[Your goal]: Copy exactly the lines that run from the line containing "Apartament 2+1 me" to the end of the material below, both ends included.

== == ==

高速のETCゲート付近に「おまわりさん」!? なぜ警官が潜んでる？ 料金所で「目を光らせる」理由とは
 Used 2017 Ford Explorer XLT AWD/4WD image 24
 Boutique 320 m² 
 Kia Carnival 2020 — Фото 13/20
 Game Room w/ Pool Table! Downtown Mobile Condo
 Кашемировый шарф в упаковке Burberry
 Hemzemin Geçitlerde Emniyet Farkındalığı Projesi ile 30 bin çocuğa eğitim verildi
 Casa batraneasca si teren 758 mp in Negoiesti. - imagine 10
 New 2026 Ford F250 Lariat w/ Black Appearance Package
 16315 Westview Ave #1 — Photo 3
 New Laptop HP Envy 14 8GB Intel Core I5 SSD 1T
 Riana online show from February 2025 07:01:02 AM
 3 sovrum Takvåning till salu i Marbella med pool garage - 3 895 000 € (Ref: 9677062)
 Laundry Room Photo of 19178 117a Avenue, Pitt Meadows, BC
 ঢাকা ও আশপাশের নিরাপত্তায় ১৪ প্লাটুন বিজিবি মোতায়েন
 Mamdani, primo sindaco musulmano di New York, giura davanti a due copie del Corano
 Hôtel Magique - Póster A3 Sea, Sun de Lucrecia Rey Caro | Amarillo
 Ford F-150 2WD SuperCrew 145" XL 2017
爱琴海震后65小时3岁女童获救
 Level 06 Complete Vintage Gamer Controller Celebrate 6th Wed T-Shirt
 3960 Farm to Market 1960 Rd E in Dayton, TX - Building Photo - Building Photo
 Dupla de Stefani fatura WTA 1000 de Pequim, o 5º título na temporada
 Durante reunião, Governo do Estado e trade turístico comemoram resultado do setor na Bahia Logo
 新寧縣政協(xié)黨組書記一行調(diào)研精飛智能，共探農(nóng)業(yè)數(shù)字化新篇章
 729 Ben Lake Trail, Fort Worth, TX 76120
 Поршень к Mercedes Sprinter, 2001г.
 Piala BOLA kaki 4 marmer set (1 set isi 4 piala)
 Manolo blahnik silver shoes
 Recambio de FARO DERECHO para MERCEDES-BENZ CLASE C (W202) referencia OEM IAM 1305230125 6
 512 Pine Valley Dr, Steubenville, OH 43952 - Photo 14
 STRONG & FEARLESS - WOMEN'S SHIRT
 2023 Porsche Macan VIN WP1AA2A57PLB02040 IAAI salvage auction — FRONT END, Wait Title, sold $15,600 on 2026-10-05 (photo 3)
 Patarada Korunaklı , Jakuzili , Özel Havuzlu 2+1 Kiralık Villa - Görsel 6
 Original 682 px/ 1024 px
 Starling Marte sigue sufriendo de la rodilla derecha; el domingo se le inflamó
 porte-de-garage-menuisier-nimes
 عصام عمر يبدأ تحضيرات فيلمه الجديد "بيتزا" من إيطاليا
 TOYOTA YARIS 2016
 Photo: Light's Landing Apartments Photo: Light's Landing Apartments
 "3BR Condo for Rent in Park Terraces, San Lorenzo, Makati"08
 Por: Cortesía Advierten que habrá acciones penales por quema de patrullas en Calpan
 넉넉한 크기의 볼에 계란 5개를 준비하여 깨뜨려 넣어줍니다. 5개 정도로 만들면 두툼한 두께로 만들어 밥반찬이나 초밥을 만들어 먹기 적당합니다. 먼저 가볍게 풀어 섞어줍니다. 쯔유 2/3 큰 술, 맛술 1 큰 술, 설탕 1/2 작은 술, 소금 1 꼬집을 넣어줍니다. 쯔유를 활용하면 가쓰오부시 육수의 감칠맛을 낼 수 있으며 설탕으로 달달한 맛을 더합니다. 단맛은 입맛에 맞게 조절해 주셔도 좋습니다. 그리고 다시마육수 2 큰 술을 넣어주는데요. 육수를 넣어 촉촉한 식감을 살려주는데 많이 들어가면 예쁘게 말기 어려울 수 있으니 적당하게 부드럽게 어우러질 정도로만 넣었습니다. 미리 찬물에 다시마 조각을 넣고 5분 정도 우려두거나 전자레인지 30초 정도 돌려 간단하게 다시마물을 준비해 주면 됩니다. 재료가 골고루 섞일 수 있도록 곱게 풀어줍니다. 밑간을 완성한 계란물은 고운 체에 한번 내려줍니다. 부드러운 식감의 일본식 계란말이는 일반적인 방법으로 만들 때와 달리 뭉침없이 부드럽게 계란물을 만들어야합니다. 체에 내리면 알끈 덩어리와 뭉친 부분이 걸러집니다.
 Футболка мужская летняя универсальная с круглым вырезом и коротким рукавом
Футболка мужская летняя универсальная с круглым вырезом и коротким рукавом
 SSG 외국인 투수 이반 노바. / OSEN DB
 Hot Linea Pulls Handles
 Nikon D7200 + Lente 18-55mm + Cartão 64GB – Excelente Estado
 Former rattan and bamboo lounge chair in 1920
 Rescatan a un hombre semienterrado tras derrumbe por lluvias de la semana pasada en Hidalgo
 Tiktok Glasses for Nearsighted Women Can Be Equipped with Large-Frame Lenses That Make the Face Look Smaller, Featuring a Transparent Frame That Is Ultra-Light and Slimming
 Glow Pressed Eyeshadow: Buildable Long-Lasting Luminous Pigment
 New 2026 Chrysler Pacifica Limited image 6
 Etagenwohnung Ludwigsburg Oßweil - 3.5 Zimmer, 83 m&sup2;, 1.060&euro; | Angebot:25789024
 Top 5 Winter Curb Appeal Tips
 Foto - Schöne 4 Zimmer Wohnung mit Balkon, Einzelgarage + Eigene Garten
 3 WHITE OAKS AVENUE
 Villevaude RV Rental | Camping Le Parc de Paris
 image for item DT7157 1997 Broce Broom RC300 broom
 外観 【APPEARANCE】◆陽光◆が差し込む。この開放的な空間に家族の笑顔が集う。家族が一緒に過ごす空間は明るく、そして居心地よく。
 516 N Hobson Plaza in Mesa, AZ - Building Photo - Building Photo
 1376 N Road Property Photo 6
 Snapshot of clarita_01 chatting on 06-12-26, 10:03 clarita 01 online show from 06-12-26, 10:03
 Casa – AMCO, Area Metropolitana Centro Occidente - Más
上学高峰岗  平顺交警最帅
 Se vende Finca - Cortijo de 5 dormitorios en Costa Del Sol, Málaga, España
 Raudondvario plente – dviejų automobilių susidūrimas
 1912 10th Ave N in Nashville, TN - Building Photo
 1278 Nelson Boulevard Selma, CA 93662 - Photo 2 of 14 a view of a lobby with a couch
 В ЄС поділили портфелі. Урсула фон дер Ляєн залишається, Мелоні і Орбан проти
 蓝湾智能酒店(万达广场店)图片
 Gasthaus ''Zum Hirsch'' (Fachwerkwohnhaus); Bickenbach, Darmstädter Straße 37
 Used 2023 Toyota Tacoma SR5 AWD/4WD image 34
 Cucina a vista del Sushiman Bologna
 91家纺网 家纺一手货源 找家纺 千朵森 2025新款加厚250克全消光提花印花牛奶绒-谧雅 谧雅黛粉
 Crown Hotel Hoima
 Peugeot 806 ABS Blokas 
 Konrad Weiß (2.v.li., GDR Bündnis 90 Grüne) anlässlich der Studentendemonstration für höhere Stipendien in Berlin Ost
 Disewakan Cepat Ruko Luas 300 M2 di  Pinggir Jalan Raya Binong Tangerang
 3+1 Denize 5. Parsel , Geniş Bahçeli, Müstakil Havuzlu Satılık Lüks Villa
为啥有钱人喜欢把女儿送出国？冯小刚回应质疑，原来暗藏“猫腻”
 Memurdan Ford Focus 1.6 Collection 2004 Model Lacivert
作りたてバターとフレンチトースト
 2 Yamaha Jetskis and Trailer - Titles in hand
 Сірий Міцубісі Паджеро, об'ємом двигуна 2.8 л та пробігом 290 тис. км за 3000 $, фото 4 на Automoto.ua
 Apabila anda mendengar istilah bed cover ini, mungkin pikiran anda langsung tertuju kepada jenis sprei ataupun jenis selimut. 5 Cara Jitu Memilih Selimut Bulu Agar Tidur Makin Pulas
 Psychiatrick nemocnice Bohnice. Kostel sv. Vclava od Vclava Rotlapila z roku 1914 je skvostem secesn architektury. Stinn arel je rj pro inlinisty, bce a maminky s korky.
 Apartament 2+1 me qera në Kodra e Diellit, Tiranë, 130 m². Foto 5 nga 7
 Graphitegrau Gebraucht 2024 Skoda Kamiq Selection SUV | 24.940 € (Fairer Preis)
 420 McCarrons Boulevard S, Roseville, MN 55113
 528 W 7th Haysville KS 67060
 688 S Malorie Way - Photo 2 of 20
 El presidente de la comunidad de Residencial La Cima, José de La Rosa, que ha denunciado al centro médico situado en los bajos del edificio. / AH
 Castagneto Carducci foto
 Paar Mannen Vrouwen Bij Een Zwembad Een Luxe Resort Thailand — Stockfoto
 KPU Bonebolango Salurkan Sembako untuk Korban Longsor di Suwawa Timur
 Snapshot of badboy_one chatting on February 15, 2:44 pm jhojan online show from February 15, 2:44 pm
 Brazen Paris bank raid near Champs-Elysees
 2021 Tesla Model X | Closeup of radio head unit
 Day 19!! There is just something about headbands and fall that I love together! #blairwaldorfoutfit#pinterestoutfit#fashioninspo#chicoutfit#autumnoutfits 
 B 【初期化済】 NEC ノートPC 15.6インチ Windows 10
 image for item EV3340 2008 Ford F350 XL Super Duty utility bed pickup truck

== == ==

[Answer for this exercise]:
 Apartament 2+1 me qera në Kodra e Diellit, Tiranë, 130 m². Foto 5 nga 7
 Graphitegrau Gebraucht 2024 Skoda Kamiq Selection SUV | 24.940 € (Fairer Preis)
 420 McCarrons Boulevard S, Roseville, MN 55113
 528 W 7th Haysville KS 67060
 688 S Malorie Way - Photo 2 of 20
 El presidente de la comunidad de Residencial La Cima, José de La Rosa, que ha denunciado al centro médico situado en los bajos del edificio. / AH
 Castagneto Carducci foto
 Paar Mannen Vrouwen Bij Een Zwembad Een Luxe Resort Thailand — Stockfoto
 KPU Bonebolango Salurkan Sembako untuk Korban Longsor di Suwawa Timur
 Snapshot of badboy_one chatting on February 15, 2:44 pm jhojan online show from February 15, 2:44 pm
 Brazen Paris bank raid near Champs-Elysees
 2021 Tesla Model X | Closeup of radio head unit
 Day 19!! There is just something about headbands and fall that I love together! #blairwaldorfoutfit#pinterestoutfit#fashioninspo#chicoutfit#autumnoutfits 
 B 【初期化済】 NEC ノートPC 15.6インチ Windows 10
 image for item EV3340 2008 Ford F350 XL Super Duty utility bed pickup truck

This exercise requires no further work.